The Centers for Medicare & Medicaid Services (CMS) announced on Dec. 28 that it will enforce its Health Care Staff Vaccination Interim Final Rule in California and other states where it has not been blocked by a court. However, CMS will delay its original compliance dates — hospitals now have until Jan. 27 (instead of Dec. 6, 2021) to establish the required policies and procedures, and until Feb. 28 (instead of Jan. 4) for staff to complete their primary vaccination series. CMS also issued interpretive guidelines for state survey agencies on how to assess compliance with the final rule, as well as an updated set of frequently asked questions.
Generally, California hospitals should already be in compliance with the CMS rule based on their compliance with the state vaccine mandate, with a few key differences. Notably, the CMS mandate does not currently require boosters, while the California mandate requires boosters by Feb. 1. In addition, the CMS final rule includes stricter documentation of written policies and procedures, as well as medical exemption requirements. CHA has compiled a chart comparing the various California and federal vaccine mandates.
Key components of the CMS interpretive guidelines are summarized below:
Required Policies and Procedures
The CMS rule requires hospitals to have the following written policies and procedures:
- A process for ensuring that staff are fully vaccinated for COVID-19 unless they have been granted a religious or medical exemption, or their vaccination must be temporarily delayed for clinical reasons as recommended by the Centers for Disease Control and Prevention (CDC). The first vaccine dose must be received before providing services to the hospital or its patients.
- A process for implementing additional precautions to mitigate the transmission and spread of COVID-19 for all staff who are not fully vaccinated. This may include reassigning staff to duties that can be performed remotely, universal source control, physical distancing, weekly testing, etc. The interpretive guidelines contain more information on precautions.
- A process for tracking and documenting staff vaccination status, including boosters. The interpretive guidelines state that the tracking mechanism should clearly identify each staff’s role, assigned work area, and how they interact with patients. It should also be set up to identify for a surveyor any newly hired staff member — that is, a staff member hired within 60 days before the surveyor’s visit.

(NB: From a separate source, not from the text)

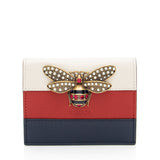 Gucci Leather Queen Margaret Bee Card Case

- A process for staff to request a medical or religious exemption
- A process for tracking and documenting information provided by staff who have been granted an exemption
- A process for ensuring that documentation for medical exemptions complies with CMS requirements
- A process for tracking and documenting the vaccination status of staff for whom COVID-19 vaccination must be temporarily delayed, as recommended by the CDC, due to clinical precautions and considerations, including, but not limited to, individuals with acute illness secondary to COVID-19 and individuals who received monoclonal antibodies or convalescent plasma for COVID-19 treatment
- Contingency plans for staff who are not fully vaccinated. This includes actions a hospital will take for staff who have stated that they will not get vaccinated and do not qualify for an exemption, as well as staff who are not fully vaccinated due to an exemption or a temporary delay in vaccination for clinical reasons.

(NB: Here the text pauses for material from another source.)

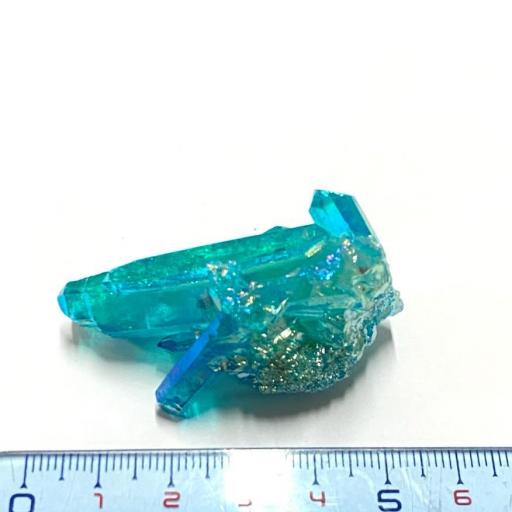 Powerful Blue Aqua Aura Quartz - Awesome Piece! Mineral, Drusa Cuarzo Aura Agua rf 003 [3]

Medical Exemption Requirements
The CMS rule requires that documentation of a medical exemption must:
- Contain all information specifying which of the authorized COVID–19 vaccines are clinically contraindicated for the staff member and the recognized clinical reasons for the contraindications. Facilities should refer to the CDC document titled ”Summary Document for Interim Clinical Considerations for Use of COVID–19 Vaccines Currently Authorized or Approved in the United States” to determine contraindications for the various vaccines. In general, CDC considers a severe allergic reaction (e.g., anaphylaxis) after a previous dose, an immediate reaction to a previous dose, or a diagnosed allergy to a vaccine component to be a contraindication.
- Contain a statement by the authenticating practitioner recommending that the staff member be exempted from the hospital’s COVID–19 vaccination requirement based on the recognized clinical contraindications
- Be signed and dated by a licensed practitioner acting within their scope of practice (and who is not the individual requesting the exemption). The California mandate requires that the exemption be signed by a physician, nurse practitioner, or other licensed medical professional practicing under the license of a physician.

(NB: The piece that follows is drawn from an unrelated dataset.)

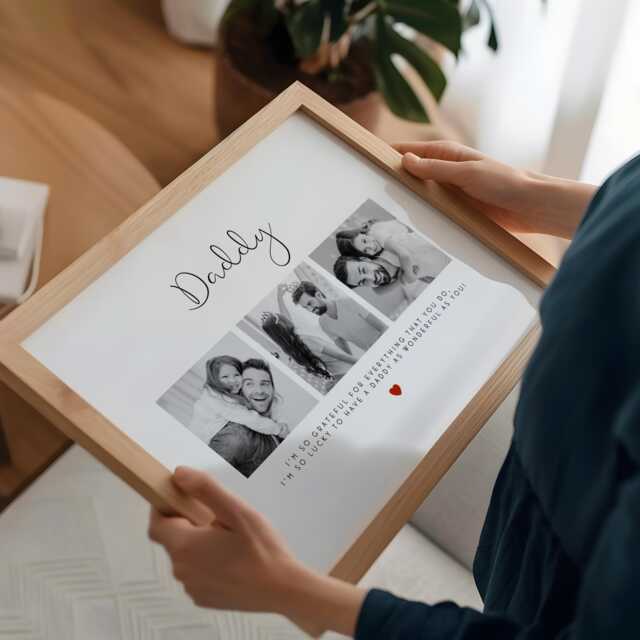Dad Photo Frame Gift - Father Collage Print Personalised Wall Art Father's Day Birthday Present Christmas - image 1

CMS has stated that surveyors will not evaluate the details of a request for a religious exemption, nor the hospital’s rationale for its acceptance or denial of the request. Surveyors will only assess whether the hospital has an effective process for staff to request a religious exemption.
In the first few months of implementation of the interim final rule, CMS does not plan to cite hospitals for deficiencies if they have established policies and are achieving high vaccination rates. Instead, CMS will provide facilities an opportunity to make corrections and come into compliance, as detailed in its Dec. 28 announcement.
The U.S. Supreme Court will hear arguments about the legality of the CMS vaccine mandate on Jan. 7. CHA will provide updates as they become available.